American baseball player (1925–2007)

Louis Limmer (March 10, 1925 – April 1, 2007) was an American Major League Baseball player in 1951 and 1954 for the Philadelphia Athletics.

Limmer was born in the Bronx, New York, and was Jewish. He graduated from Manhattan High School of Aviation in 1943. Upon graduation, he joined the Army Air Corps, where he served until 1946.

Limmer played first base. He played in the Major Leagues for the Philadelphia Athletics in 1951 and 1954 and played and additional 11 years in the minors. He was in the top five for home runs seven times during his minor league career.

==Baseball career==
Limmer was signed as a free agent by the Philadelphia Athletics in 1946.

In 1946, in 40 games for the Lexington A's of the North Carolina State League he hit .313.

In 1947 he hit .326 for Lexington, with 24 home runs (3rd in the league) and 95 RBIs (5th in the league) in 405 at bats.

With the Lincoln A's of the Western League in 1948, he broke his neck in August while sliding into third base.

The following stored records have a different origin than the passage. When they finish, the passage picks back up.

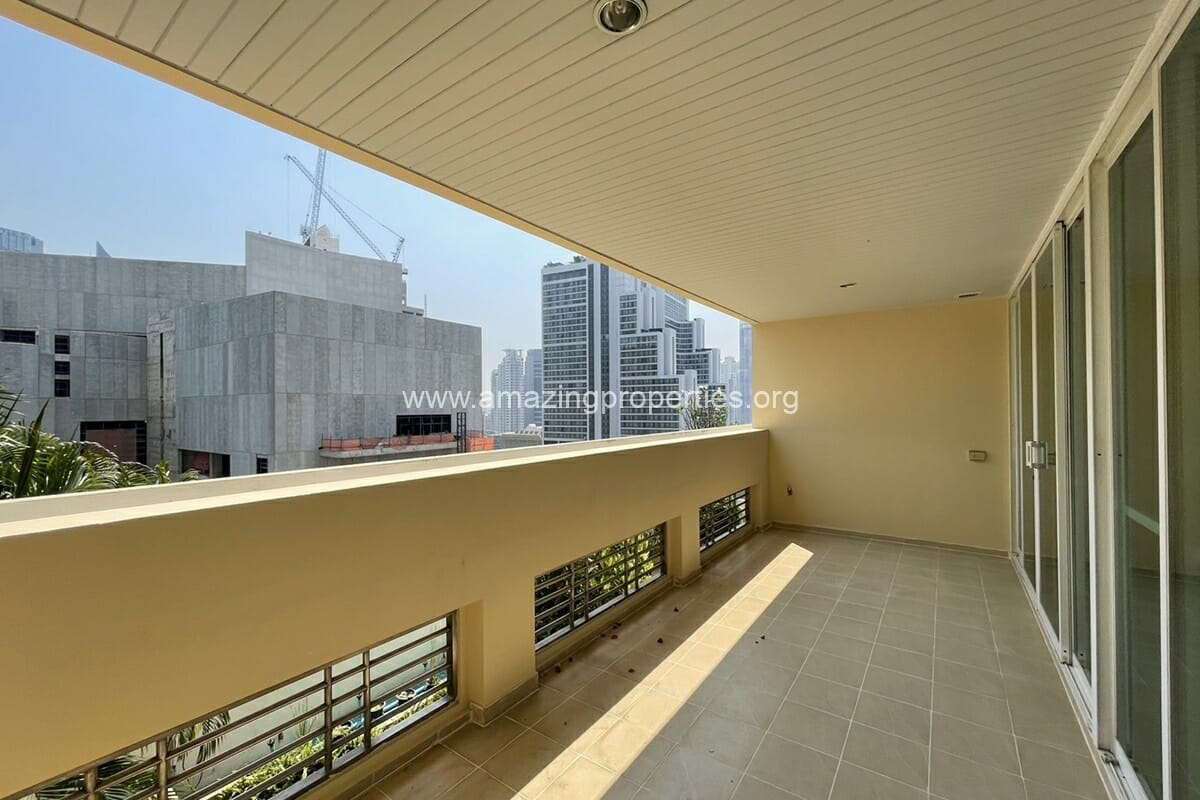 4-bedroom-apartment-Phrom-phong-21-3243.jpg
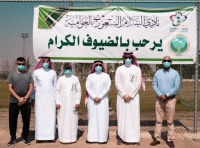 السفير رئيس اتحاد السهام يزور نادي السلام بالعوامية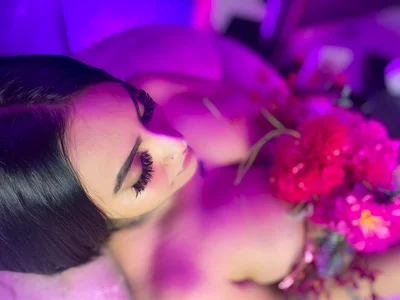 🌺THE BEAUTY OF A FLOWER 😏 od nikky_latin  2 snímek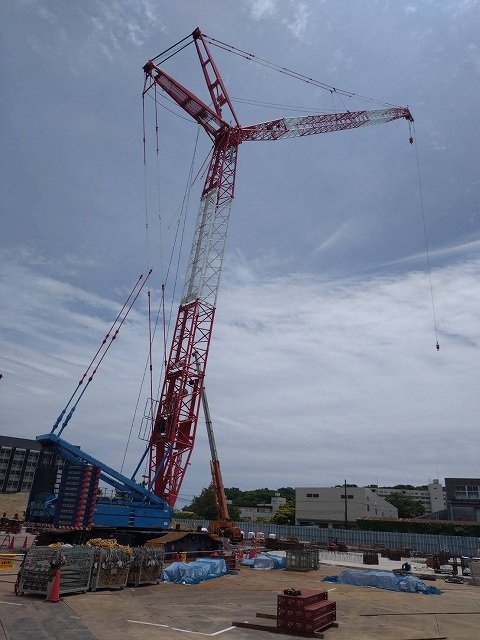 LIEBHERR 350 Ton Crawler-cranes image 2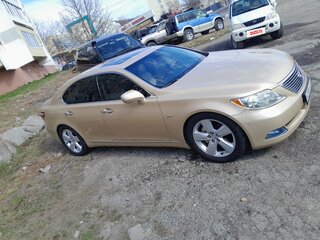 2006 Lexus LS 460 IV, золотистый, 1700000 рублей, вид 2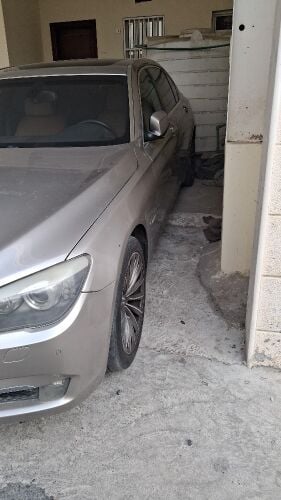 BMW 730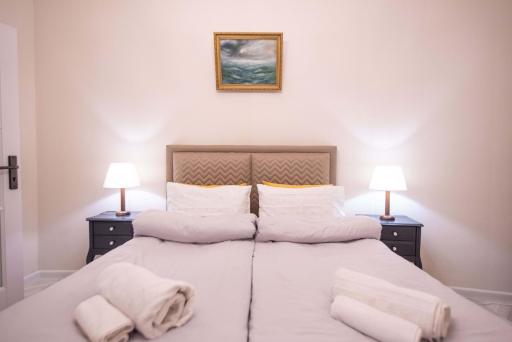 Old Town-Booking Apartment - Housity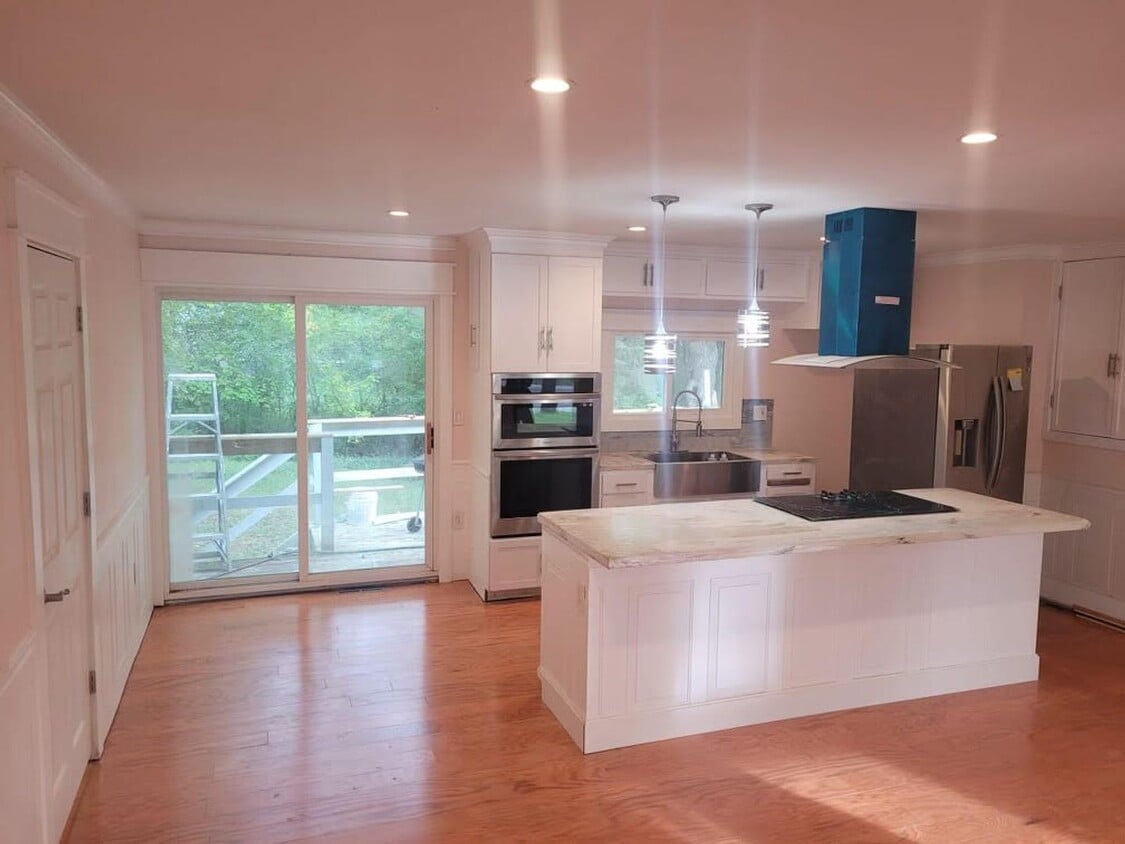 Primary Photo - 117 Winston Dr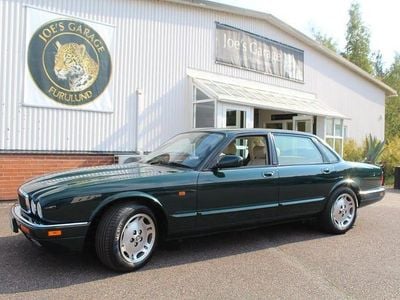 Mörkgrön Begagnad 1995 Jaguar XJ Sedan | 227 000 kr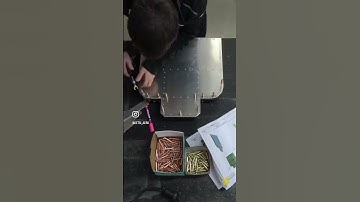 Building the rear seats… ✈️ Sling TSi Build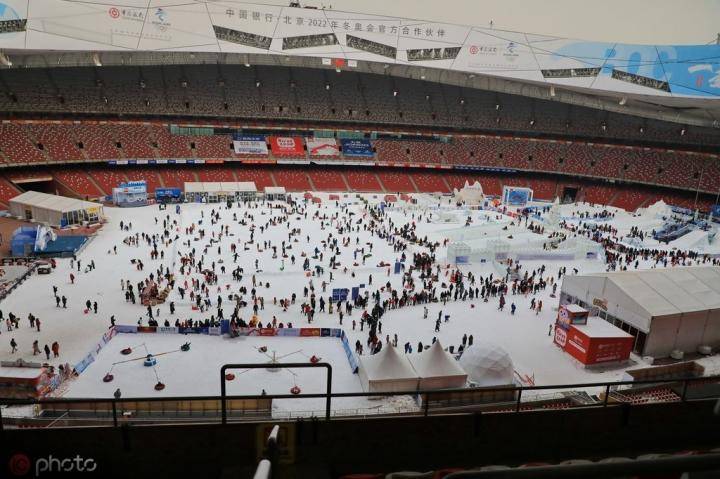 为什么中国搞不好足球,中国目前有几个专业的足球场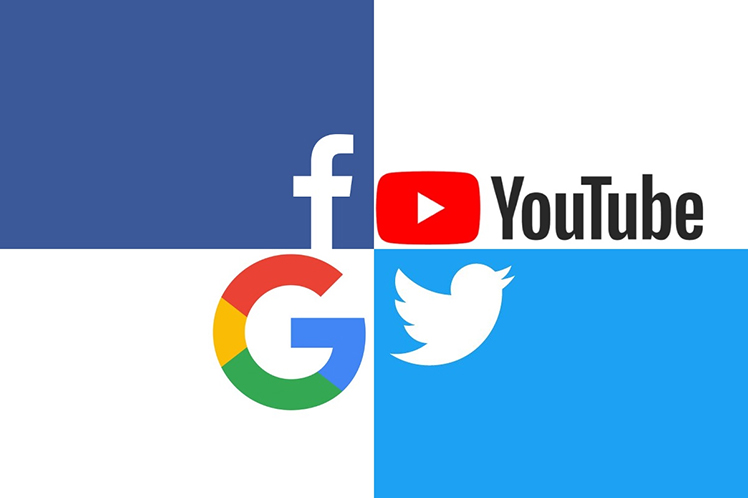 YouTube (Google) y Twitter, Facebook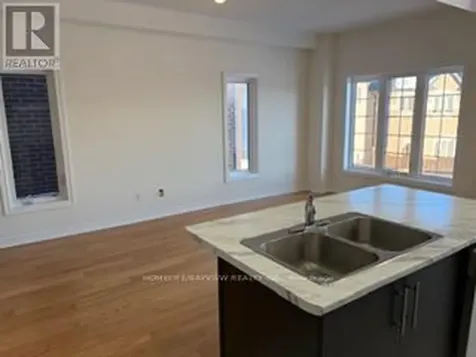 1113 Skyridge Boulevard Pickering ON L1X 2R2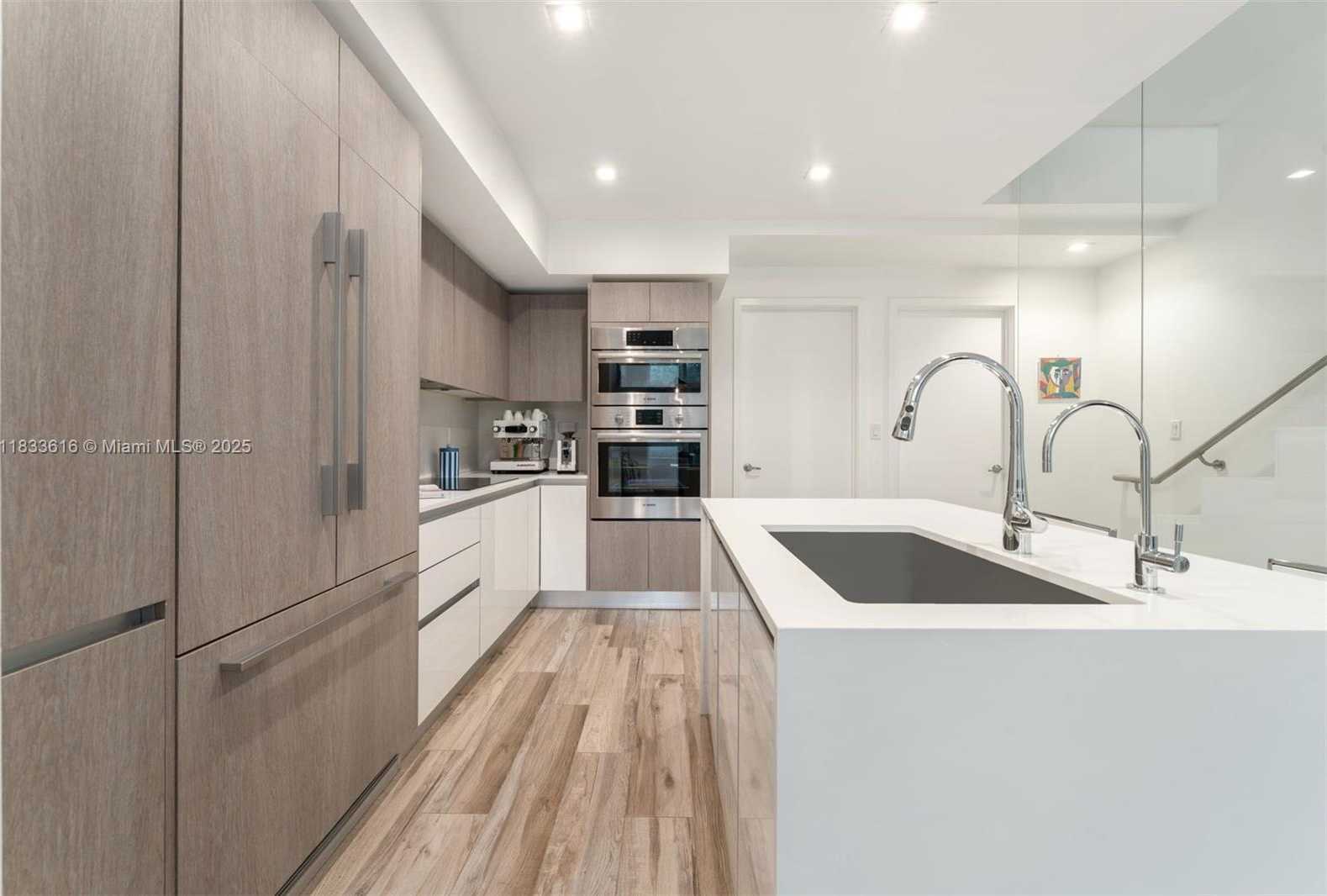 Small Image of 455 NORTH EAST 39TH ST #105, Miami Number 8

He suffered a temporary loss of vision and was out for the season. He hit 28 home runs (second in the league) and had 93 RBIs (6th in the league) in 385 at bats that season.

In 1949, he hit .315 (4th in the league) with a league-leading 29 home runs, and drove in 105 RBIs (3rd) as he scored 100 runs for Lincoln.

He followed that up in 1950, leading the league with both 29 home runs and 111 RBIs for the St. Paul Saints of the American Association, earning "Rookie of the Year" honors.

On April 23, 1951, Limmer batted against Vic Raschi with one out in the ninth inning, a runner on base, and the Athletics trailing the New York Yankees by a score of 5–2. He hit a two-run home run, the first hit of his career, but the Athletics still lost 5–4. Limmer holds the distinction of having hit the last home run and last base hit for the Athletics before their move to Kansas City.

Limmer was involved in the only all-Jewish confrontation in Major League history. On May 2, 1951, Limmer was batting in a game against the Detroit Tigers. Pitching for the Tigers was Saul Rogovin, and catching for the Tigers was Joe Ginsberg.

In 1952 he played for the A's AAA club in Ottawa, hitting 23 home runs (4th in the league).

His best offensive year in the major leagues was in 1954, when he had 73 hits and 14 home runs.

In 1955 he hit 28 home runs (3rd in the league) in 416 at bats for the Columbus Jets and Toronto Maple Leafs of the International League, playing both first base and outfield.

In 1958, his last year in baseball, he hit 30 home runs (2nd in the league), a career-high 31 doubles, and had 100 RBIs (4th) and 96 runs scored for the Birmingham Barons of the Southern Association.

He later became the only major leaguer to become president of a shul, the Castle Hill Community Jewish Center in the Bronx.

He died in Boca Raton, Florida and is survived by his wife Pearl, sons Craig and Dan, and four grandchildren, David, Sarah, Michael and Michelle.

==Hall of Fame==
He is a member of the Philadelphia Jewish Sports Hall of Fame.